Voilà, c'est fini. Il ne reste plus qu'à sauvegarder puis quitter disk (commande 'wq'), et à modifier /etc/fstab pour corriger la ligne concernant cette partition.

Ne te lances pas là-dedans si tu n'as pas compris précisémment la procédure ! Si tu perds des données, il ne faudra pas m'en tenir pour responsable. C'est une opération très très délicate, qui demande de bien saisir le sens de ce que l'on fait. Donc si tu t'y colles : à tes risques et périls !

Bon courage,

----------

## anigel

Ah, j'oubliais : une fois que tu auras fait tout ça, il ne te restera plus qu'à "agrandir" ta partition avec un outil genre qtparted.

----------

## Tuxifer

 *ghoti wrote:*   

> 
> 
> Heu, attend : tes données font 200 Go ou bien c'est la dimension de la partition ?
> 
> 

 

Ma partition fait 200 Go mais elle est bien pleine sachant que j'ai massivement sauvegardé dessus en vue de la réinstallation de mon système.

 *ghoti wrote:*   

> 
> 
> Transformer une partition étendue en partition primaire n'est pas possible à ma connaissance sans passer par un backup, comme le disait kernel_sensei.
> 
> 

 

Malheureusement, je pense que tu voulais parler de partition logique... sinon c'est la partition logique que je voudrais convertir...

 *ghoti wrote:*   

> 
> 
> Par contre, pour linux, il n'y aura aucun avantage à avoir une partition primaire pure plutôt qu'une partition logique dans une partition étendue. Tu pourrais donc avoir une partition étendue contenant une seule partition logique qui occuperait tout l'espace. Si l'espace libre en dehors de la partition étendue précède et/ou suit directement la partition étendue, tu devrais pouvoir t'en sortir avec l'option "resize" du package parted, une première fois sur la partition étendue et une seconde fois sur la partition logique.
> 
> 

 

Je suis d'accord, mais si c'était possible, j'aurais préféré n'avoir que des partitions primaires. C'est plus propre, ne serait-ce que parcequ'on ne saute pas de numéro de partition. Ca peut éviter des erreurs. Merci du tuyau du reste...

 *ghoti wrote:*   

> 
> 
> N'empêche, c'est toujours une opération risquée et si tu tiens à tes données, un backup est plus que conseillé ...
> 
> 

 

Je n'ai pas assez d'espace pour tout stocker... Mais je vais me débrouiller en répartissant les données sur les espaces libres de mes autres partitions/disques. Ca va prendre un temps fou, mais la sécurité en vaut la chandelle, surtout si je dois utiliser parted.

----------

## Tuxifer

Ahhh ! Tu me sauves !!!  :Very Happy: 

Cependant es-tu sûr que les données restent inchangées sur le disque ? Tu as déjà essayé par toi même ?

 *anigel wrote:*   

> 
> 
> Ne te lances pas là-dedans si tu n'as pas compris précisémment la procédure ! Si tu perds des données, il ne faudra pas m'en tenir pour responsable. C'est une opération très très délicate, qui demande de bien saisir le sens de ce que l'on fait. Donc si tu t'y colles : à tes risques et périls !
> 
> 

 

J'ai tout à fait compris la démarche mais permets moi de m'assurer à deux fois que tu es sûr de toi  :Wink: 

 *anigel wrote:*   

> 
> 
> Ah, j'oubliais : une fois que tu auras fait tout ça, il ne te restera plus qu'à "agrandir" ta partition avec un outil genre qtparted.
> 
> 

 

Ca tombe bien je n'ai pas besoin de la redimentionner ni même de la déplacer car elle est déjà à la fin du disque !!!

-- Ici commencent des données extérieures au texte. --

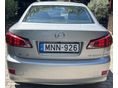 LEXUS IS 2009/11 - 8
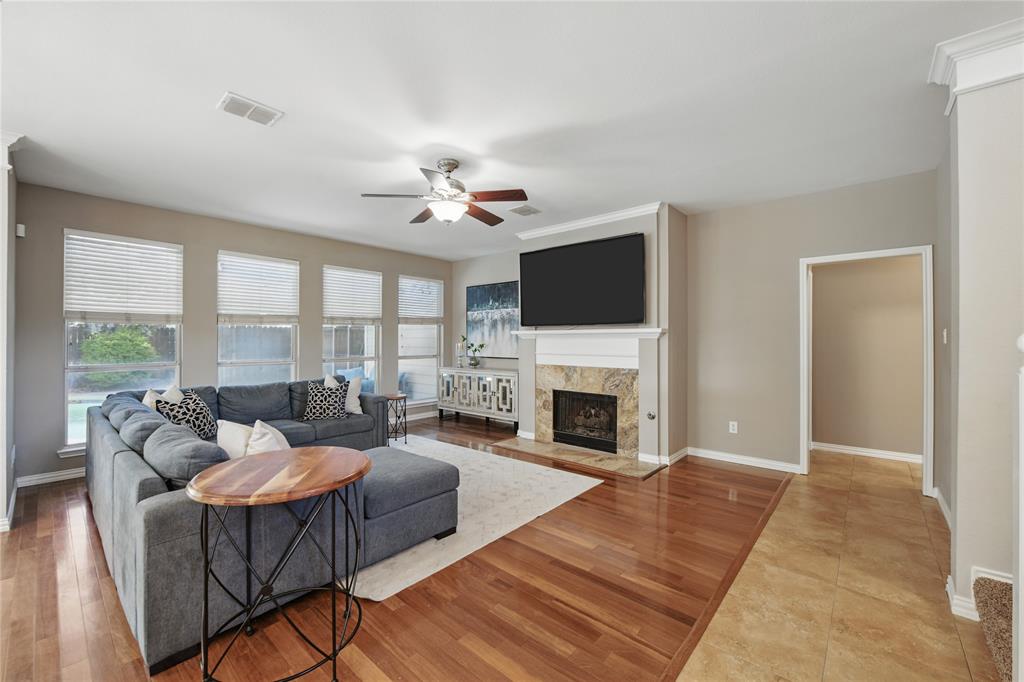 Flower Mound, Texas 75022, United States, 5 Bedrooms Bedrooms, ,4 BathroomsBathrooms,Residential,Pending,122143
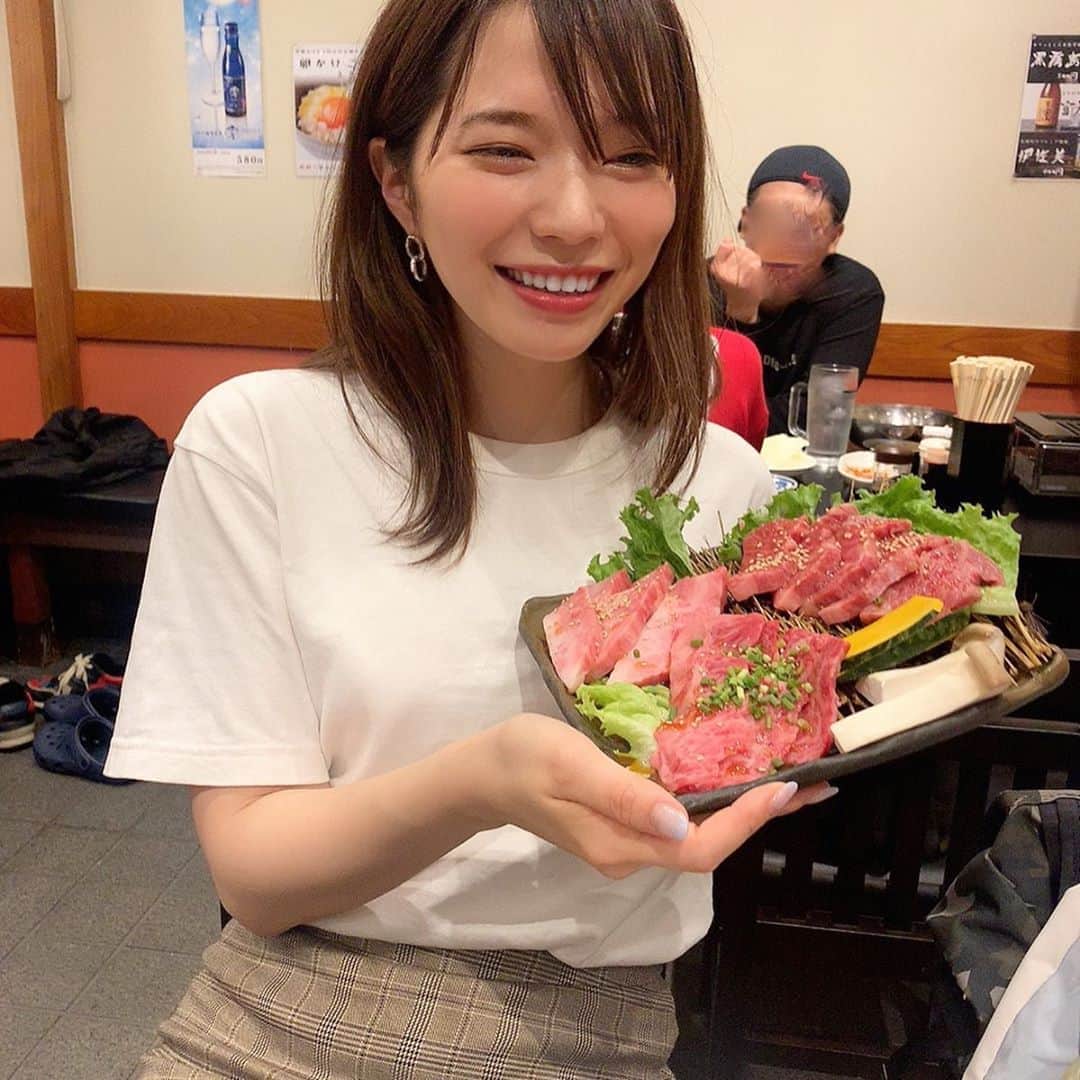 青山日和のグルメインスタ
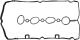 Клапанної кришки прокладка SAAB 9-5, CHEVROLET ASTRA, VICT_REINZ (713816600)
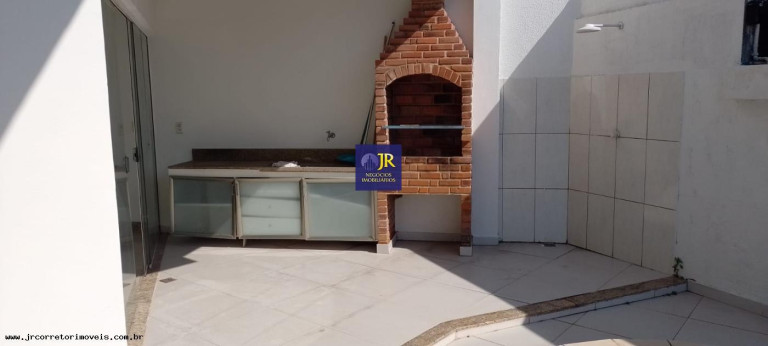 Imagem Casa com 4 Quartos à Venda, 900 m² em Praia Da Costa - Vila Velha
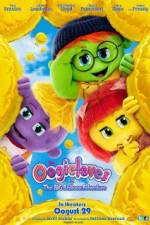 Watch The Oogieloves in the Big Balloon Adventure Zmovie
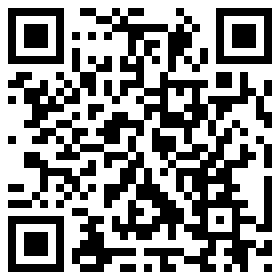 qrcode für Legrand 01431 - Verteiler 1 reihig Metalltür weiss 12 2TE 305x315x86mm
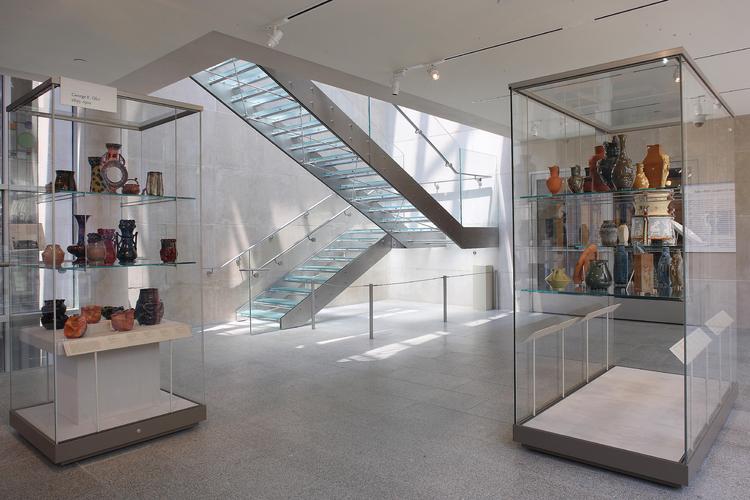 scala elicoidale edilco scale - grandi opere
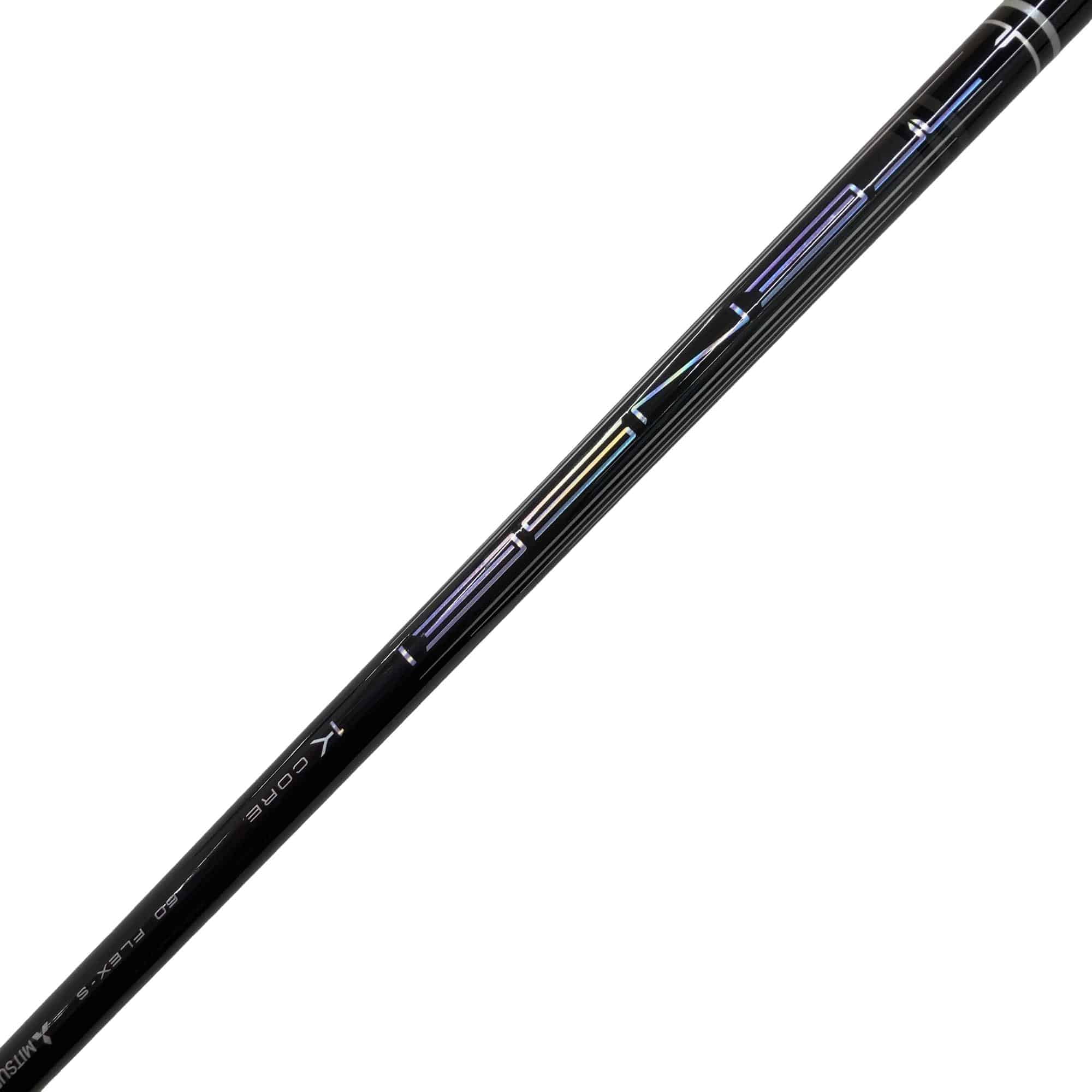 �a�q�h�c�f�d�r�s�n�m�d�@�a�w�P�@�k�r�@�X°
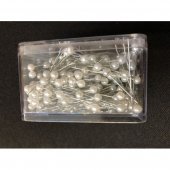 Ace Cu Margea Perla 300/set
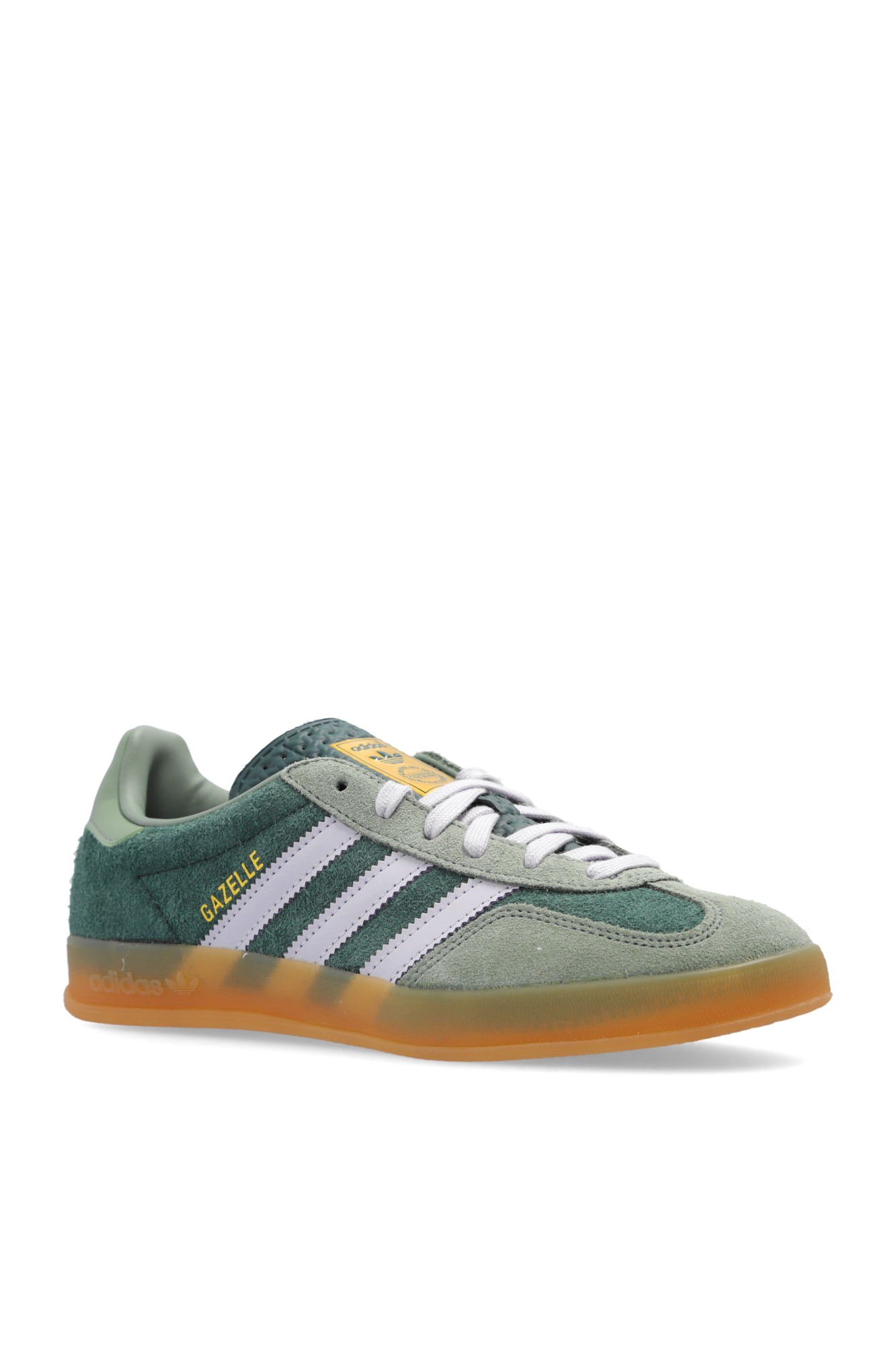 Funny adidas shoes online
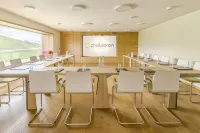 Chetzeron Hotels in Lens
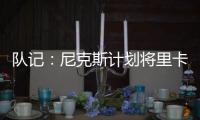 快排公司十年历程，霸屏兔 seo 的崛起与坚守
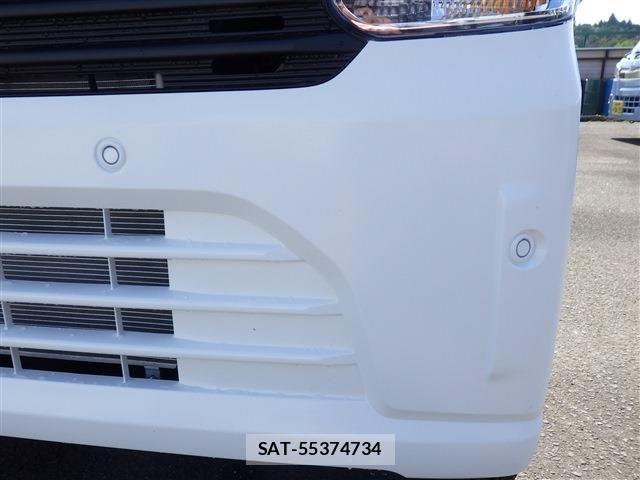 Suzuki EVERY 2026-06 7620507-13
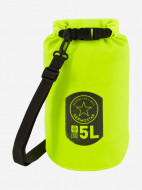 Гермомешок Germostar Scout Pro, 5 л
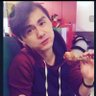 王明傑's profile picture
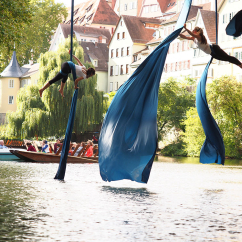 Neckarbrücke523.jpg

Merci encore !!!  :Smile: 

----------

## anigel

 *Tuxifer wrote:*   

> J'ai tout à fait compris la démarche mais permets moi de m'assurer à deux fois que tu es sûr de toi  

 

Maintenant que tu le dis, j'ai comme un doute...  :Twisted Evil:  .

----------

## ghoti

 *Tuxifer wrote:*   

>  *ghoti wrote:*   
> 
> Transformer une partition étendue en partition primaire n'est pas possible à ma connaissance sans passer par un backup, comme le disait kernel_sensei.
> 
>  
> ...

 

Oui, en effet, je parlais de redimensionner à la fois la partition étendue et la partition logique incluse. Perso, je préfère avoir des partitions logiques car c'est beaucoup moins limité en nombre que les partitions primaires. Affaire de goût  :Wink: 

Sinon, la solution d'anigel devrait marcher : j'ai déjà utilisé des techniques semblables pour récupérer des partitions détruites par mégarde. Mais c'est plutôt chaud ! 

 *Quote:*   

> Ca tombe bien je n'ai pas besoin de la redimentionner ni même de la déplacer car elle est déjà à la fin du disque !!!

  Bon, mais dans ce cas, il va te rester de l'espace libre et non partitionné sur ton disque ! 

Dans l'exemple d'anigel, il s'agit de l'espace compris entre les secteurs 488 et 550 ...

----------

## anigel

Des nouvelles de cette opération ?

 *anigel wrote:*   

>  *Tuxifer wrote:*   J'ai tout à fait compris la démarche mais permets moi de m'assurer à deux fois que tu es sûr de toi   
> 
> Maintenant que tu le dis, j'ai comme un doute...  .

 

Je plaisantais, bien entendu. Tu penses bien que si j'ai pris 30 minutes pour rédiger ce post, c'est que j'étais sûr de moi ^^.

----------

## Tuxifer

 *anigel wrote:*   

> 
> 
> Des nouvelles de cette opération ?
> 
>  *anigel wrote:*   
> ...

 

Bah j'ai pas fait !!! J'avais pas saisi la blague !! Je fais ça ce soir !  :Very Happy: 

----------

## Syl20

Euh... Normalement, une fois la partition créée, il faut créer le FS (mkfs, ou mke2fs...).

Et ça, c'est destructeur.

Tu es sûr que la recréation de partition sans recréation du FS marche ?

----------

## anigel

Plutôt que de me lancer dans une longue explication, je vous conseille la lecture de cet article, au sujet du partitionnement des disques durs.

----------

## ghoti

 *CneGroumF wrote:*   

> Euh... Normalement, une fois la partition créée, il faut créer le FS (mkfs, ou mke2fs...).
> 
> Et ça, c'est destructeur.
> 
> Tu es sûr que la recréation de partition sans recréation du FS marche ?

 

Oui, ça marche tant que, justement, on n'utilise pas mkfs  :Cool: 

Comme l'a dit anigel plus haut, ni les données ni leur structure (donc le FS) ne sont touchées par fdisk. 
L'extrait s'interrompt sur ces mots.